In news conferences in January, Nintendo promised to try to maintain high standards in the games for the 3DS, though did not indicate how it would be done.
While the 3DS has just come out, player feedback has, so far, been overwhelmingly positive.
At Vanderbilt Hall, inside Grand Central Terminal, Nintendo has hosted an event allowing passersby the chance to play with the new system. Six systems were set up to play games “Nintendogs + Cats,” the submarine game “Steel Diver” “Augmented Reality” and other games.
“I liked the fact that it was 3D without the glasses,” said Kendra Hammond, a 24-year-old management consultant. She played
“Ridge Racer,” an automobile driving simulator, and was impressed with the graphics.
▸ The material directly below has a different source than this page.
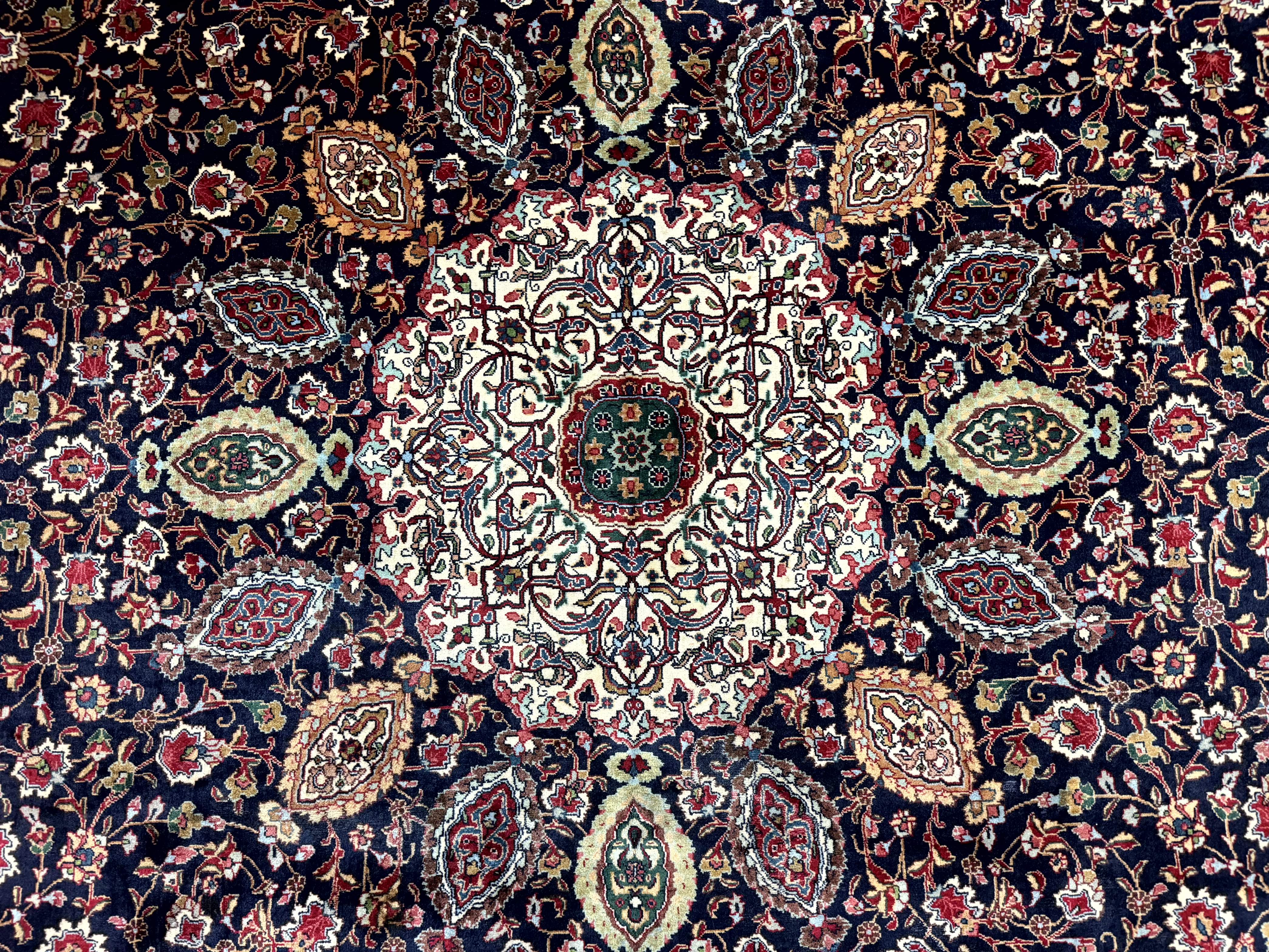 Persian Tabriz Rug 10x13 – Navy Blue and Red, Floral Medallion, Fine 210 KPSI - Jewel Rugs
But she said she didn’t think the 3DS was worth $250.
Her friend Carolyn Fanning, a 28-year-old business development consultant, agreed. “The graphics were cool,” she said, “but I will stick with my iPhone.”
Michael Monger, a 20-year-old student, said the 3DS “works pretty well, especially in “Street Fighter.” A lifelong gamer, he wasn’t too concerned about the threats to the handheld, especially from the iPhone or the NGP.
“Competition’s always good,” he said. “Besides, the 3DS caters to different markets and different kinds of gamers.”